SQL Server 2012 : XML and the Relational Database - The xml Data Type (part 2) - XML Schema Definitions

7/23/2013 7:57:22 PM

2.3 XML Schema Definitions (XSDs)

One very important feature of XML is its ability to strongly type data in an XML document. The XSD language—itself composed in XML—defines the expected format for all XML documents validated against a particular XSD. You can use XSD to create an XML schema for your data, requiring that your data conform to a set of rules that you specify. This gives XML an advantage over just about all other data transfer/data description methods and is a major contributing factor to the success of the XML standard.

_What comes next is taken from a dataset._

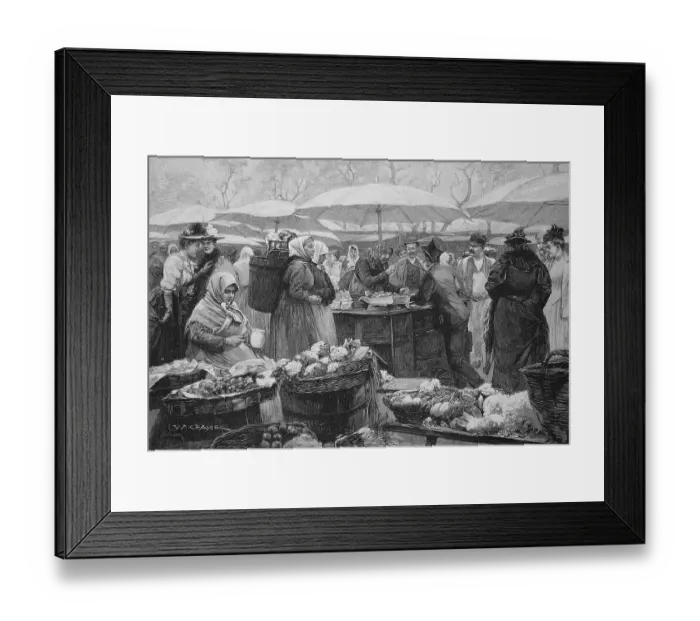 Framed Print : Stalls at the Naschmarkt in Vienna, Austria, Historic, digital reproduction of an original from the 19th century Framed Print : Stalls at the Naschmarkt in Vienna, Austria, Historic, digital reproduction of an original from the 19th century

Without XSD, your XML data would just be another unstructured, text-delimited format. An XSD defines what your XML data should look like, what elements are required, and what data types those elements will have. Analogous to how a table definition in SQL Server provides structure and type validation for relational data, an XML schema provides structure and type validation for the XML data.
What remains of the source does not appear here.